PROVIDENCE, R.I. (WPRI) — Rhode Islanders have faced a roller coaster when trying to buy a home this year, especially in recent months as rising interest rates have complicated the math behind affordability.
Now, some experts estimate someone looking to buy a home in the capital city would need to earn six figures to cover the monthly payments comfortably.
The median price of a home in Providence is $453,000, according to most recent estimates. With a 30-year fixed mortgage at a 5.82% interest rate, a homeowner would have to pay $2,660 per month to cover the cost associated with paying for that home, according to data published by HSH .
That means the homebuyer would need a salary of $114,018 to afford a median price home in Providence assuming they would spend about 30% of their income on housing costs.

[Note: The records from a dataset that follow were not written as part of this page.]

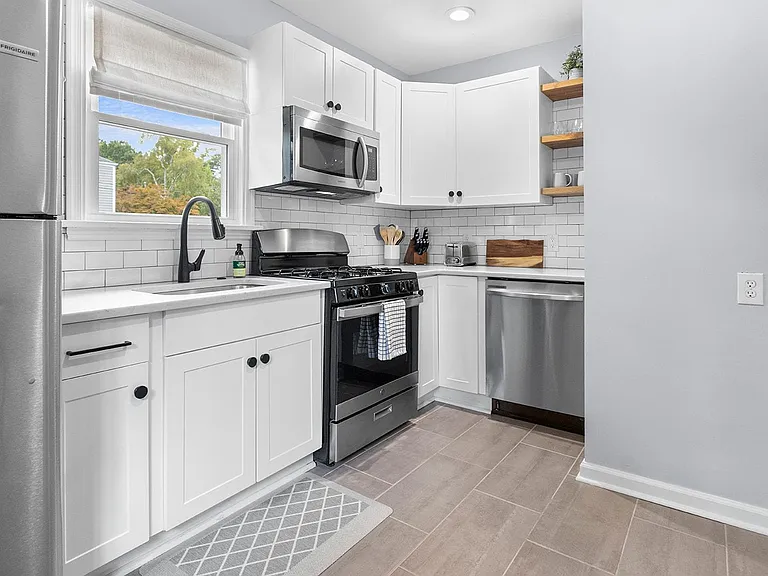3823 Hawthorne Ave #1 — Photo 6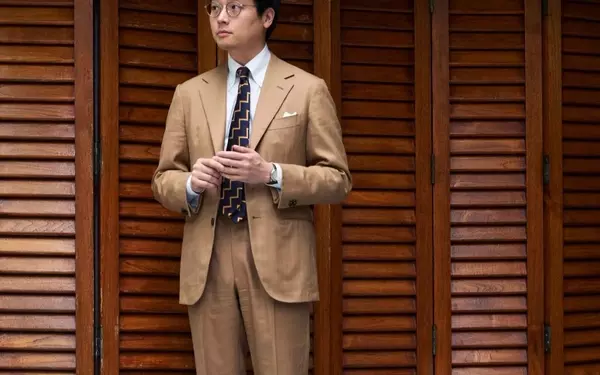 The Enduring Elegance of the Khaki Suit for Summer Weddings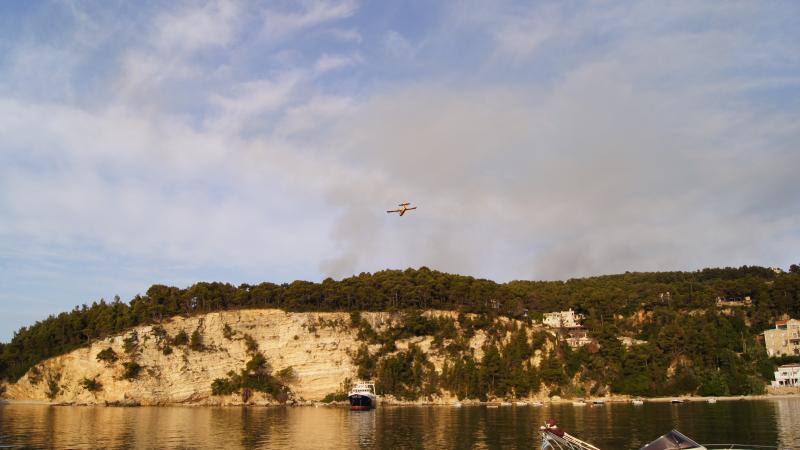 Κατάσβεση πυρκαγιάς στην Αλόννησο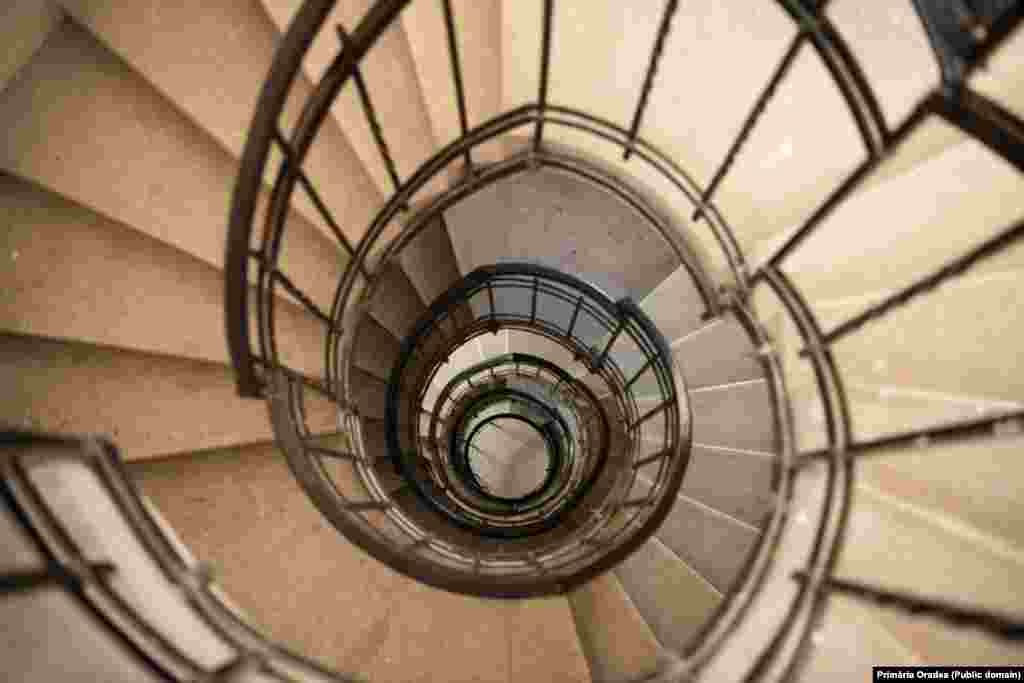 Scara-melc a Camerei de Comerț și Industrii Bihor, care funcționează sub această denumire din 1925.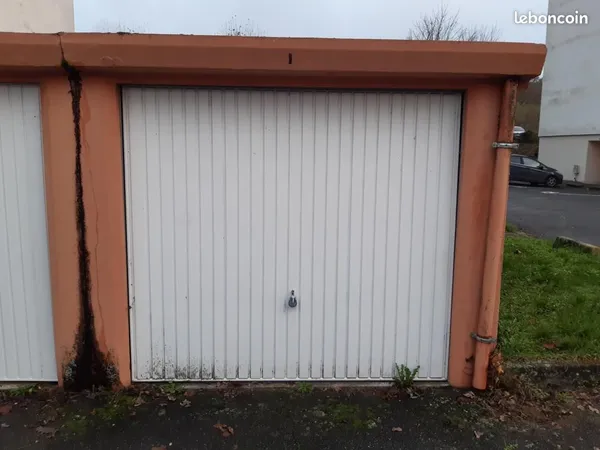 Garage/box 13 m² Chalette Sur Loing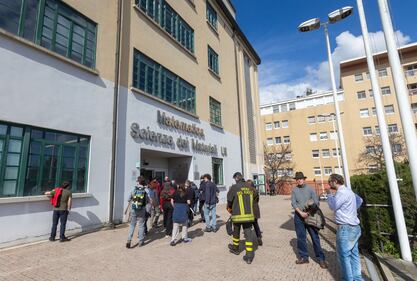 Milano, i vigili del fuoco al padiglione della Bicocca dopo la fuoriuscita di acido cloridrico 2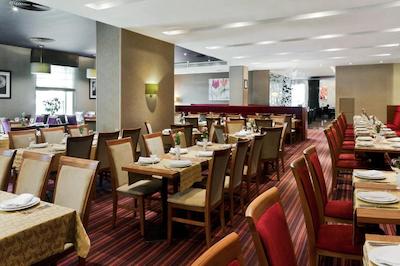 هالیدی این مسکو ساشوسکی اند آی اچ جی هتل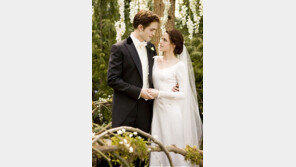 ‘유부남 불륜’ 여배우 “남친 여전히 사랑해”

Rocco Quattrocchi, a broker at Realty Quarters in Providence, highlighted that home sales have been falling in recent months and attributed part of that to the recent rise of interest rates.
“The market is a little slower as far as residential goes,” Quattrocchi said, although he noted that commercial sales have been relatively OK.
He said some people have been surprised that home prices haven’t fallen as much as expected — a dynamic that can come with rising interest rates — and the state is in short supply of homes with only a month and a half of inventory.
The current market conditions represent a massive change from the spring and summer months when people were trying to outbid each other.
“People were getting outbid 20 to 50 thousand dollars over asking price when the rate was at 3%,” Quattrocchi explained.
For people looking to buy a home in the current market, he added, they might need to lower their standards to better reflect the type of property they can now afford.
“You have to shop down, and a lot of people don’t want to shop down, but you can still find some good deals lower,” he said.
Interest rates are hovering around 6.5%, Quattrocci said, adding that’s not too bad compared to other times in recent history.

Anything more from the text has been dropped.